- [MATERIAL FOR THIS EXERCISE]:

[Start of Attachment]

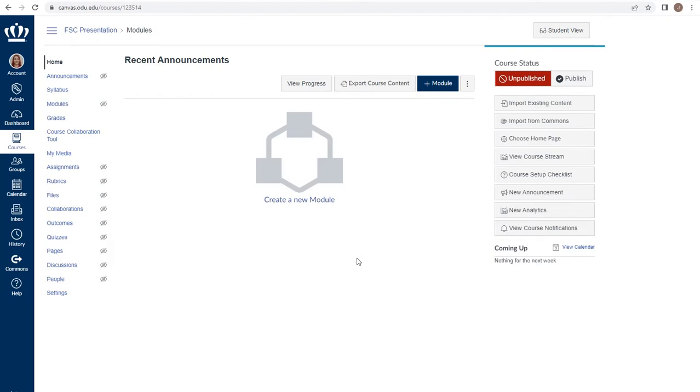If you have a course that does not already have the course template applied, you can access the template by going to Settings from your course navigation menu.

[End of Attachment]
[Start of Attachment]

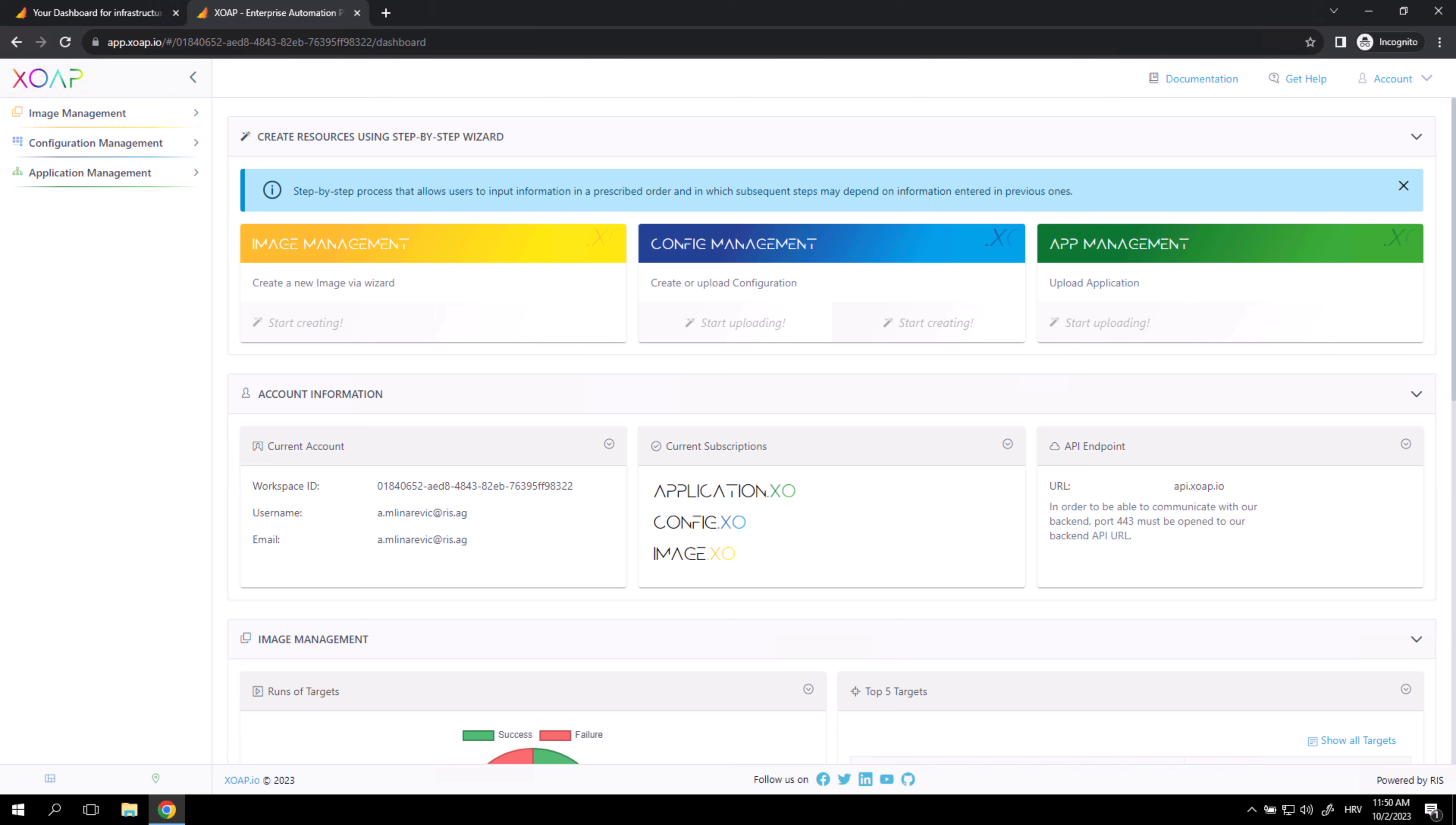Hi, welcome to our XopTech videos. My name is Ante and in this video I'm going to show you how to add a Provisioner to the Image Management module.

[End of Attachment]
[Start of Attachment]

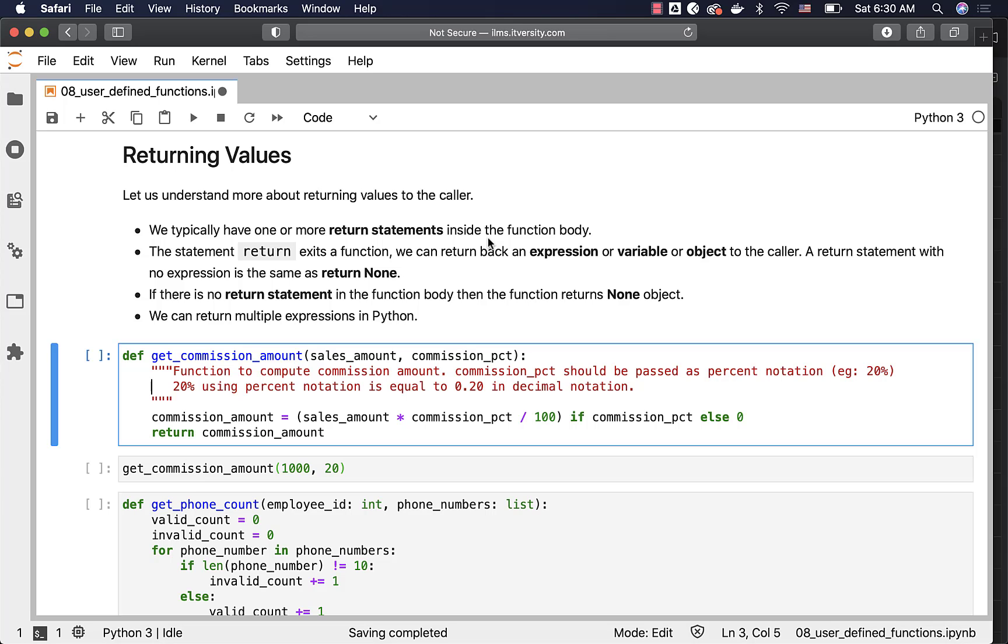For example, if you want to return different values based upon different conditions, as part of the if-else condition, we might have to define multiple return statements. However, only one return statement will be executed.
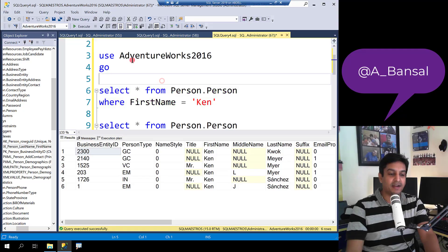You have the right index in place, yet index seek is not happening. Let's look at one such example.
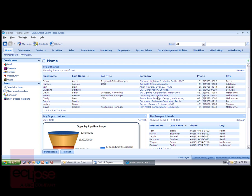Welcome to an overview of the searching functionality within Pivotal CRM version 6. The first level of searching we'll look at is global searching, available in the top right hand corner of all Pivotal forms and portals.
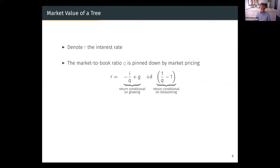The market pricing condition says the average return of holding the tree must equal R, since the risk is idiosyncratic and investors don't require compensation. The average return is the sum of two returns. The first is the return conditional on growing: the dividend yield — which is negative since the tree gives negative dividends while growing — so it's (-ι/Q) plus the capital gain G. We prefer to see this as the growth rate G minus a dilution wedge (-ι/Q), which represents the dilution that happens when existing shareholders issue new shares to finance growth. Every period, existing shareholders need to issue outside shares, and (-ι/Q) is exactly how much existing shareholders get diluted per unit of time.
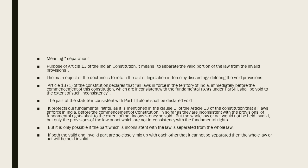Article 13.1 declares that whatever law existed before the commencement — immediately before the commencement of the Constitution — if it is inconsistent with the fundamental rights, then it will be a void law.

[End of Attachment]

- [YOUR ASSIGNMENT]:
Give back exactly the lines above from the one with "The market pricing" through the one with "Article 13.1 declares", both included. Pictures don't belong in the copy.

- [COMPLETED EXERCISE]:
The market pricing condition says the average return of holding the tree must equal R, since the risk is idiosyncratic and investors don't require compensation. The average return is the sum of two returns. The first is the return conditional on growing: the dividend yield — which is negative since the tree gives negative dividends while growing — so it's (-ι/Q) plus the capital gain G. We prefer to see this as the growth rate G minus a dilution wedge (-ι/Q), which represents the dilution that happens when existing shareholders issue new shares to finance growth. Every period, existing shareholders need to issue outside shares, and (-ι/Q) is exactly how much existing shareholders get diluted per unit of time.
Article 13.1 declares that whatever law existed before the commencement — immediately before the commencement of the Constitution — if it is inconsistent with the fundamental rights, then it will be a void law.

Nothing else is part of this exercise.